Instruksi untuk Asisten-Residen Padang Pesisir murni bersifat administratif dan tak perlu disampaikan di sini.[7]Namun, untuk Asisten-Residen Padang Darat diberikan sejumlah pandangan dan instruksi bernilai politis; untuk mengetahui arah yang de Stuers ingin tempuh penting bagi kita melihat satu ekstrak dari instruksi tersebut.
Instruksi untuk Asisten-Residen Padang Darat:
Artikel 1
Situasi politis di residensi Padang dan Sekitarnya sejak kembali berkuasanya Pemerintahan Belanda di wilayah pantai ini hingga saat ini telah mengalami perubahan-perubahan signifikan, sehingga menjadi penting untuk menentukan secara sangat jelas prinsip-prinsip yang mulai dari saat ini hingga seterusnya akan menjadi basis pemerintahan.
Kekuasaan riil hingga tahun 1822 hanya terbatas pada kawasan Padang, sementara pengaruhnya meskipun diakui di mana-mana hanya dihormati seadanya, bahkan pada lingkungan terdekat yang mungkin pada daerah-daerah lainnya dipandang sebagai kawasan-kawasan penyangga dari koloni utama tersebut.
Semenjak periode itu Pemerintah terlibat dalam satu perang yang dari awal hingga setelahnya belum terlihat akan dimenangkan satu pihak.
Namun, operasi-operasi militer telah memperluas teritori residensi ini, baik karena alienasi formil yang dilakukan oleh para kepala wilayah-wilayah tertentu yang mulanya masih di tangan musuh dan kemudian dikuasai, dan kemudian diikuti menyerahnya sejumlah distrik.

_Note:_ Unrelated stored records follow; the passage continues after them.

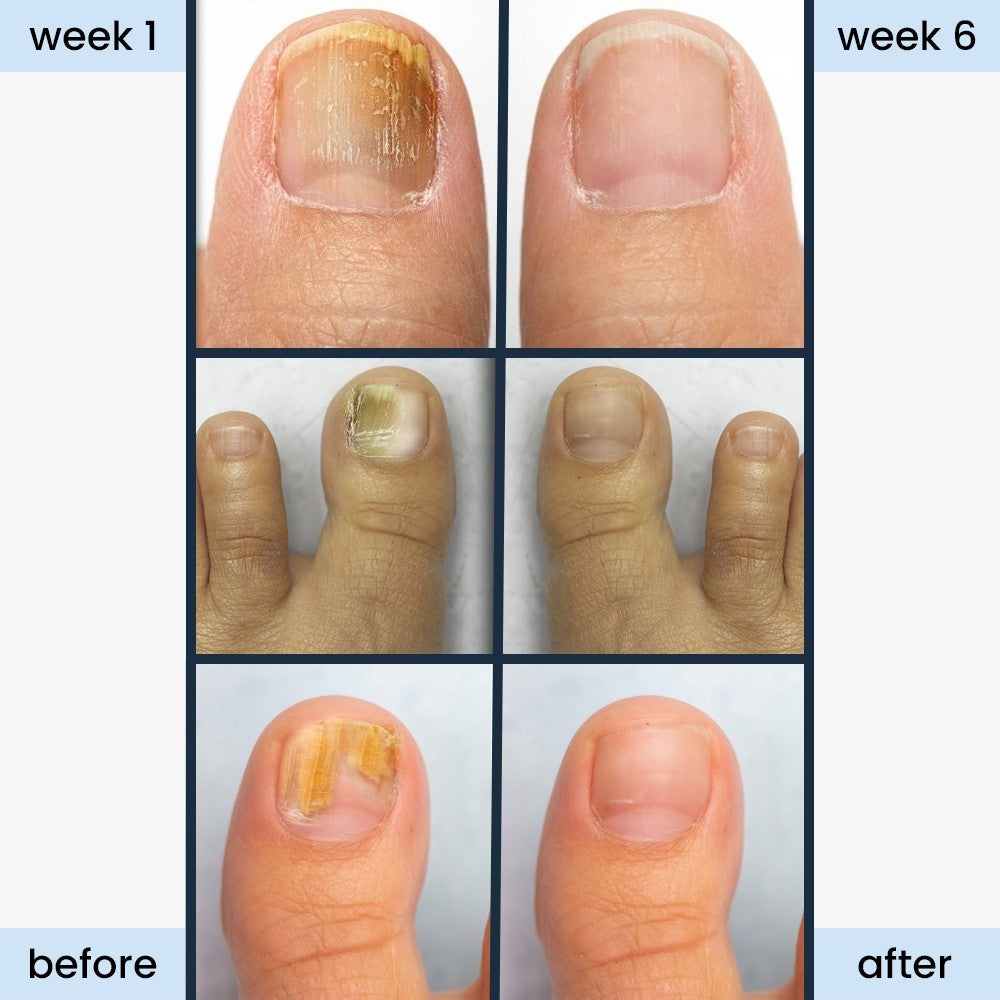 nightime antifungal nail patches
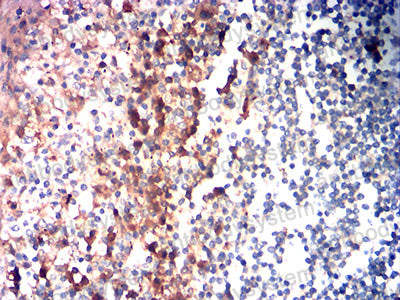 Immunohistochemical for Anti-CD85g/LILRA4/ILT7 Antibody (R3N73) ?>
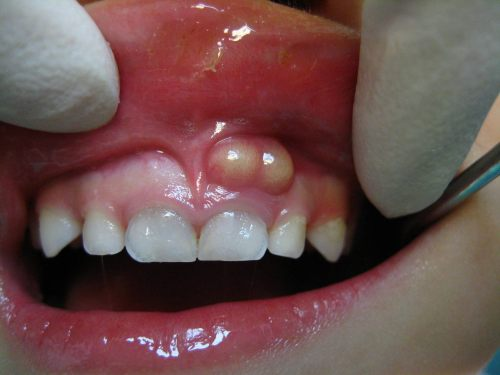 Nguyên nhân gây viêm tủy răng 4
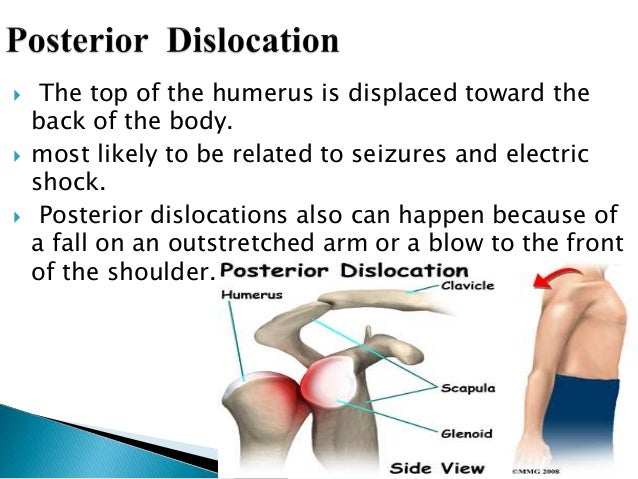 shoulder dislocation orthopedics + glenohumeral ...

Dalam Acte van Cessie[8] disebutkan bahwa selain wilayah Pagaruyung, Sungai Tarab dan Saruaso, semua wilayah di bawah Kerajaan Minangkabau akan diserahkan kepada Pemerintah Belanda.
Sejauh mana penyerahan ini memiliki legitimasi kini tak bisa ditentukan pasti; yang jelas, hanya satu porsi sangat kecil dari Kerajaan yang dulu terkenal berabad-abad tapi sekarang sudah mulai ambruk ini yang jatuh ke tangan Pemerintah.
Karena Kerajaan Minangkabau sebenarnya tak lagi eksis, menjadi suatu inconsequentie (inkonsistensi) jika ingin mengklaim kepemilikan dan kekuasaan atas wilayahnya.
Trend sekarang tidak ada kerajaan dan raja yang sudah runtuh kemudian didirikan dan direstorasi kembali, sebab hal demikian bertentangan dengan tujuan baik Pemerintah untuk membawa para penduduk pribumi, di bawah manajemen pemerintahan yang tidak kentara (zacht bestuur), untuk menikmati kesejahteraan dari penyelenggaraan kekuasaan yang moderat.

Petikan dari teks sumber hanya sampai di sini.